WHAT TO PRODUCE = For the data below, transcribe the part that opens with the line containing "phan in Horizon style - 3D name wallpaper" and closes with the line containing "Moderne, abstrakte Überwurfdecke", exactly and with no pictures.
*** GIVEN INFORMATION Section Begins ***
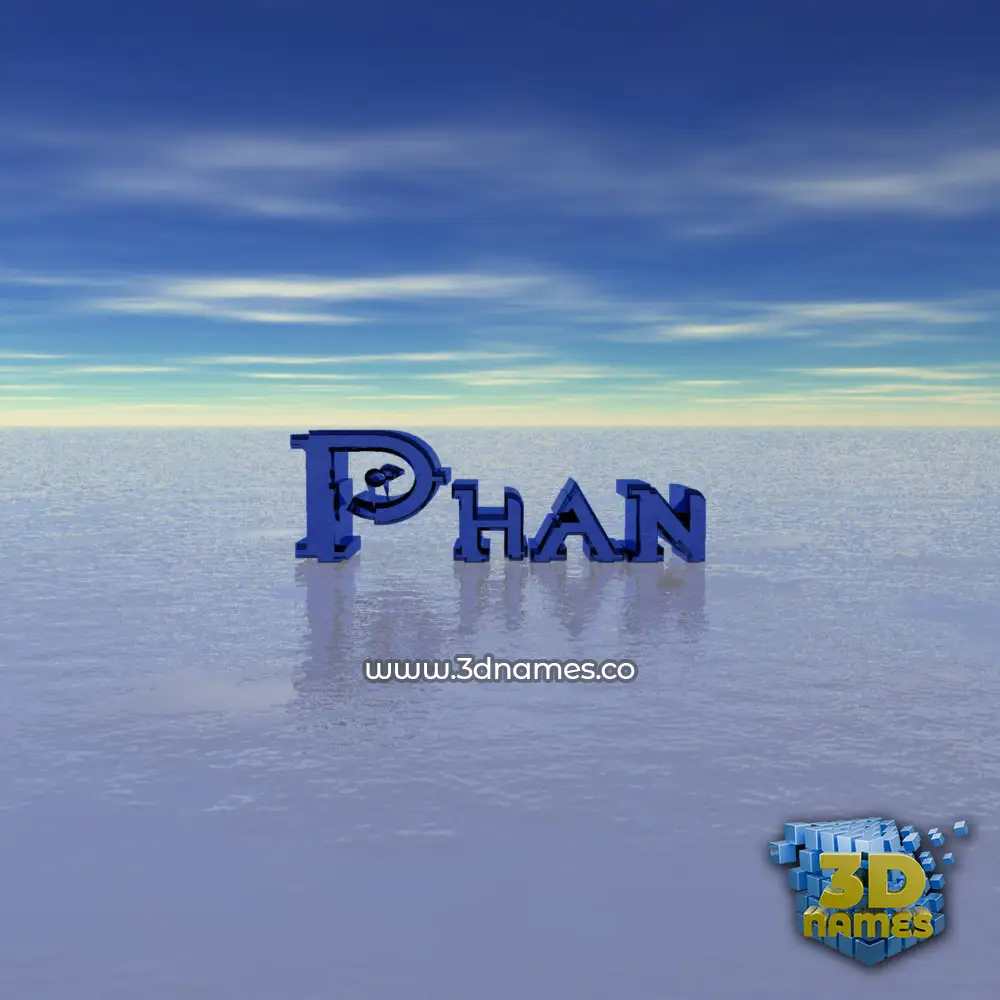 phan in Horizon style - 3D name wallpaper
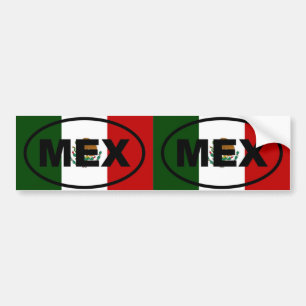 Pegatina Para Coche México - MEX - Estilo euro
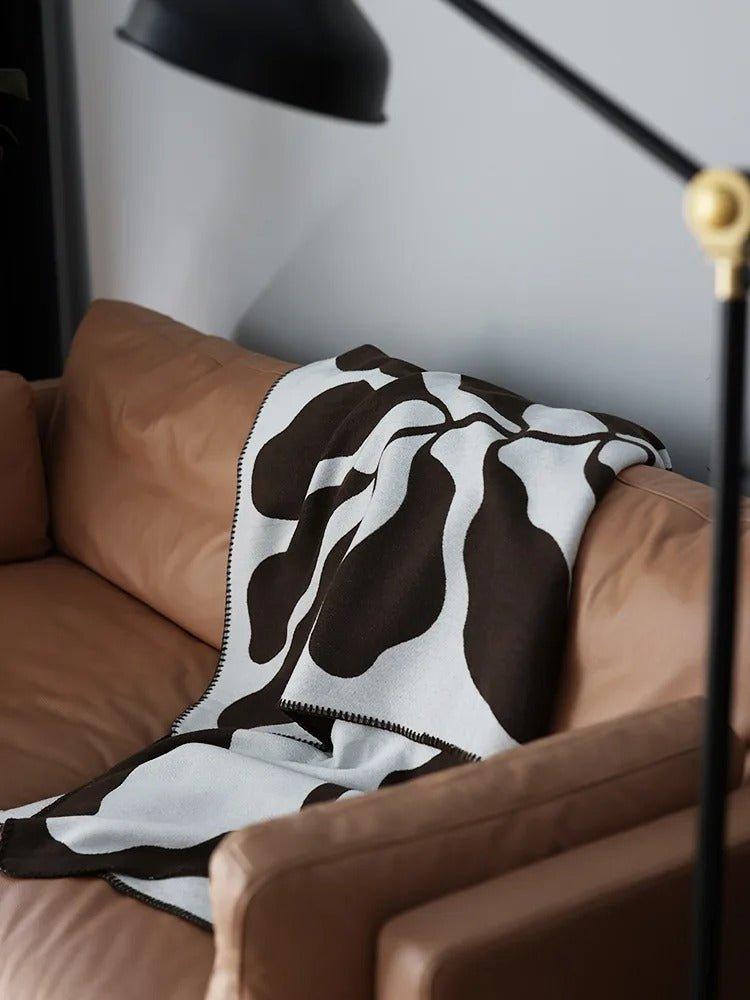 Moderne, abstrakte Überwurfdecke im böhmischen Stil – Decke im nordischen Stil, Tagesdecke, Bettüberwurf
*** GIVEN INFORMATION Section Ends ***
*** GIVEN INFORMATION Section Begins ***
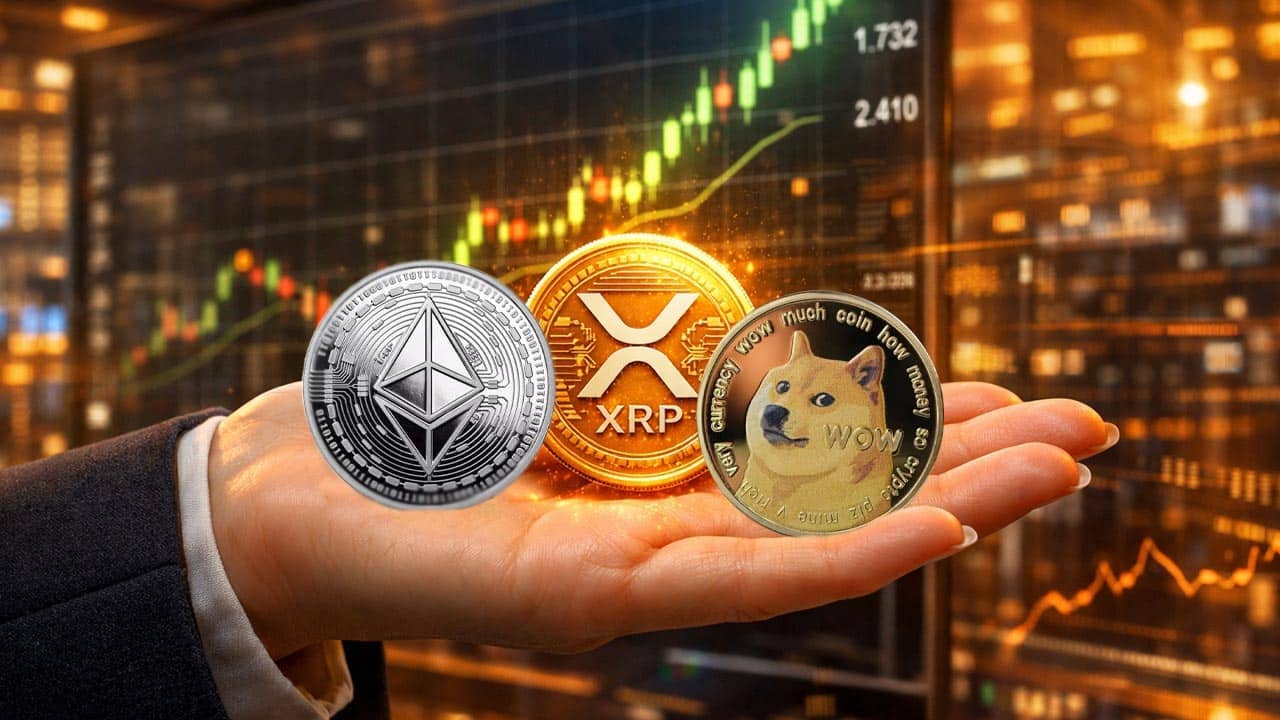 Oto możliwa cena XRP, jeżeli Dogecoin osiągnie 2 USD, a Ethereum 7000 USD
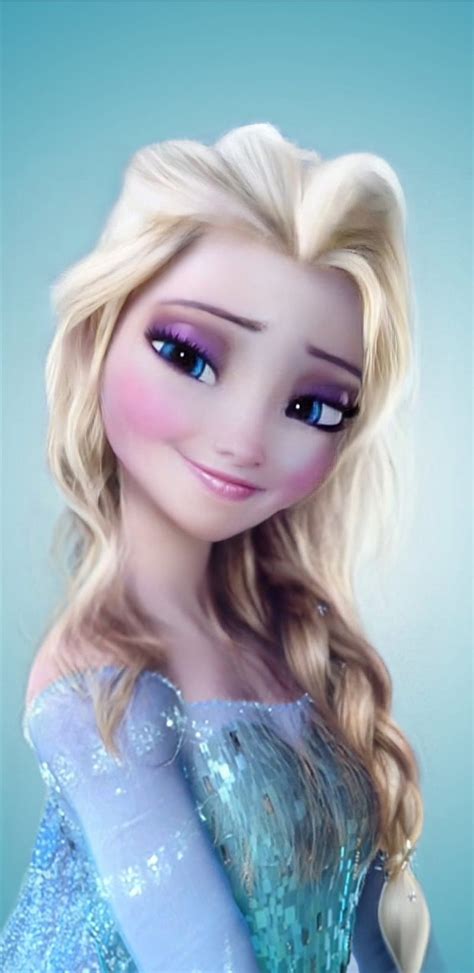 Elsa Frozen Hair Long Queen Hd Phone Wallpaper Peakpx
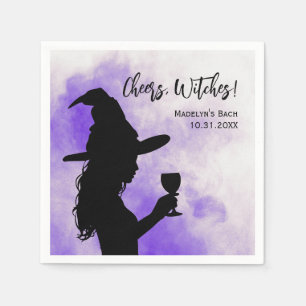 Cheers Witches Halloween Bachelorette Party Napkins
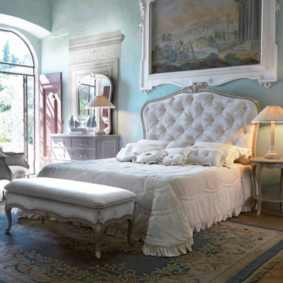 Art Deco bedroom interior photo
*** GIVEN INFORMATION Section Ends ***
SOLUTION =
 phan in Horizon style - 3D name wallpaper
 Pegatina Para Coche México - MEX - Estilo euro
 Moderne, abstrakte Überwurfdecke im böhmischen Stil – Decke im nordischen Stil, Tagesdecke, Bettüberwurf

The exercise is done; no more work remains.